The court noted further that, “[a]lthough ‘an allegation that [defendant] was maliciously motivated does not by itself mean that [defendant] acted outside the scope of his employment,’ Sloan, 505 So. 2d at 528, an allegation that the defendant was not acting on the employer’s behalf or was acting to its detriment satisfies the “third party” requirement.” 

Because Alexis had made the requisite allegations, the Third DCA ruled that Alexis had stated a claim against Ventura for tortious interference with an advantageous business relationship.

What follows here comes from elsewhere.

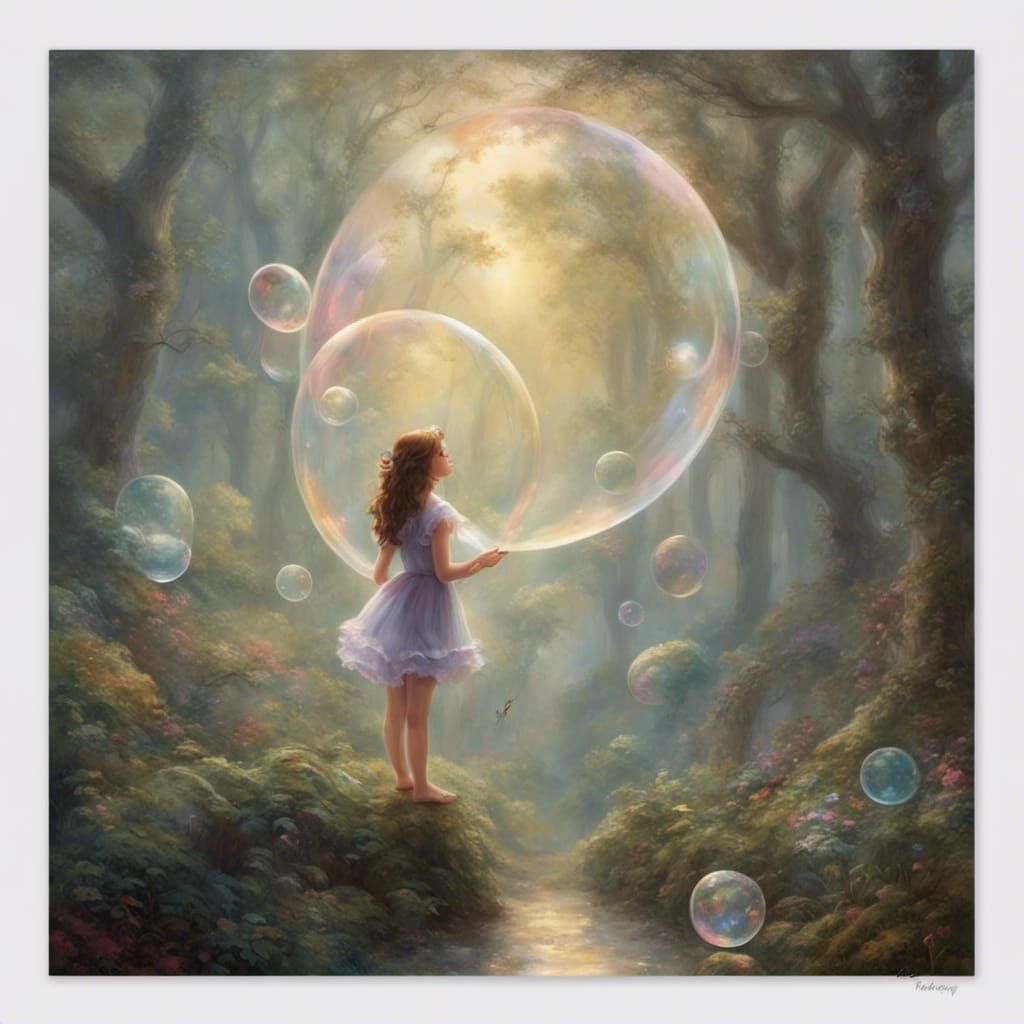 Girl in Bubble Observes Forest Life: Dreamy Fairy Tale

It is, of course, a relatively easy matter for a plaintiff to allege that her supervisor, in discriminating against or retaliating against her in violation of the law, was acting solely with ulterior purposes, and not in the best interests of the employer.  Indeed, while an employer accused of discrimination or retaliation will typically deny such allegations, it will also likely take the position that if its supervisor discriminated against or retaliated against the plaintiff, the supervisor was acting with ulterior purposes and not in the employer’s best interest.  After all, an employer is not going to admit that it encourages or condones unlawful discrimination or retaliation. 

So, it would seem that the “ulterior purpose” exception to the third party requirement of a tortious interference claim is “big enough to drive a truck through,” at least in cases of discrimination or retaliation.

The inclusion of a supervisor as a co-defendant complicates an employer’s case.  Depending on the facts, the supervisor may have to retain separate counsel because of a potential conflict of interest.  And the employer may choose, or be obligated, to pay for the supervisor’s defense, which increases the overall cost of the defense.  If the employer agrees to indemnify the supervisor in the event of an adverse judgment, the employer must realize that there are no automatic caps on damages in a tort claim, unlike claims under Title VII or the Florida Civil Rights Act. 

Plaintiff-side lawyers realize that the addition of a supervisor-defendant typically drives up the settlement value of the case, and may even make a plaintiff’s verdict more likely at trial.  Thus, in the wake of the Alexis case, it seems likely that Florida employers will see an increase in tortious interference claims against their supervisors.